With few developments in Greece's unclear future within the euro zone, and falling oil prices seen as stimulatory to worldwide consumer demand, market participants saw the Nikkei's sell-off as having run its course.
"There's no change in the fundamentals. The market has discounted bad news from Greece, and the Nikkei's now at a reasonable level," said Takashi Hiroki, chief strategist at Monex, Inc. "The crude oil price decline will be a positive factor for the Japanese economy and company earnings."
The oil market rout, which began in mid-2014 on the back of a supply glut, has sent prices to their lowest since spring 2009 and has caused investors to scurry for safe-havens such as the yen and government bonds.
That pushed the Japanese currency up against the dollar to as high as 118.35, causing investors to sell exporters' shares, before the yen weakened again to 119.05 by 0215 GMT. The yen reached a 7-1/2-year low of 121.84 against the dollar on Dec 8.
After initial losses, exporters strengthened, with Toyota Motor Corp adding 2.1% and Honda Motor Co Ltd gaining 0.2%.
Large-cap Softbank Corp gained 1.6%, while Uniqlo clothes brand owner Fast Retailing Co Ltd added 0.2%.
Meanwhile, buying by the Bank of Japan and the government public pension fund, the world's largest, is supporting sentiment, said Masayuki Doshida, senior market analyst at Rakuten Securities Inc.

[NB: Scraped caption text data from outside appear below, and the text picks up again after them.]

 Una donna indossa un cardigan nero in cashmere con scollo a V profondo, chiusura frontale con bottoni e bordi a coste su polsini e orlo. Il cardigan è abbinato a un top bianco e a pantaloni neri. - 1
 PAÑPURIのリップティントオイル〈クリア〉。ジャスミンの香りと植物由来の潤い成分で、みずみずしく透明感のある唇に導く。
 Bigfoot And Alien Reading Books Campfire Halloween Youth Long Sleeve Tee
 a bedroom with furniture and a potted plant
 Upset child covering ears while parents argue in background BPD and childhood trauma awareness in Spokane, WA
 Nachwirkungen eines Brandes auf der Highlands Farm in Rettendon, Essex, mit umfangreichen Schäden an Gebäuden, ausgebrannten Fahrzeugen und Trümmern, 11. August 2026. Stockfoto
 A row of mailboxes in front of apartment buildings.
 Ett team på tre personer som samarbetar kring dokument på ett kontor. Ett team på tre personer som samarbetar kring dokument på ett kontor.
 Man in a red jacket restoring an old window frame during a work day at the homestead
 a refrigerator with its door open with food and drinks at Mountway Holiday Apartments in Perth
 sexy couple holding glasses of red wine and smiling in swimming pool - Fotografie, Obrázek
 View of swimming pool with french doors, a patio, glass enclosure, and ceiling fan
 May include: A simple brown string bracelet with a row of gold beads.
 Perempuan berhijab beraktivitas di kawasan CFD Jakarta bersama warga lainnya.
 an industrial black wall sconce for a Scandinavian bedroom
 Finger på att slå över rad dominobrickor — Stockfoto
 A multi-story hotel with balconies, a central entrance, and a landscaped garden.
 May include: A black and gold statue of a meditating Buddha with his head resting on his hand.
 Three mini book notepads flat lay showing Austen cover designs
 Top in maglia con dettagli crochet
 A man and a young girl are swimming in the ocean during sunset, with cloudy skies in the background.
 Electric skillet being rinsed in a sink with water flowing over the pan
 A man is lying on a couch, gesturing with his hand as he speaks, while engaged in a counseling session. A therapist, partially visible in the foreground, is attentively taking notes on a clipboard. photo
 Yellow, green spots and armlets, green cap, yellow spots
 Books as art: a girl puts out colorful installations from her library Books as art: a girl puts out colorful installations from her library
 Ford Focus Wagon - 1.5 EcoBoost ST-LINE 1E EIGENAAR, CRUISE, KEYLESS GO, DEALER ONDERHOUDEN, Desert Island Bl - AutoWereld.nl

The central bank bought 71.5 billion yen ($602.3 million) worth of ETFs on Monday and Tuesday.
The BOJ's aggressive asset purchasing programme, centered on investment in exchange-traded funds, has been a key driver of the Nikkei's 7.6% rally since Oct. 31, when the BOJ shocked markets by announcing additional monetary easing.
The broader Topix was flat at 1,361.07, while the JPX-Nikkei Index 400 dropped 0.1% to 12,322.98.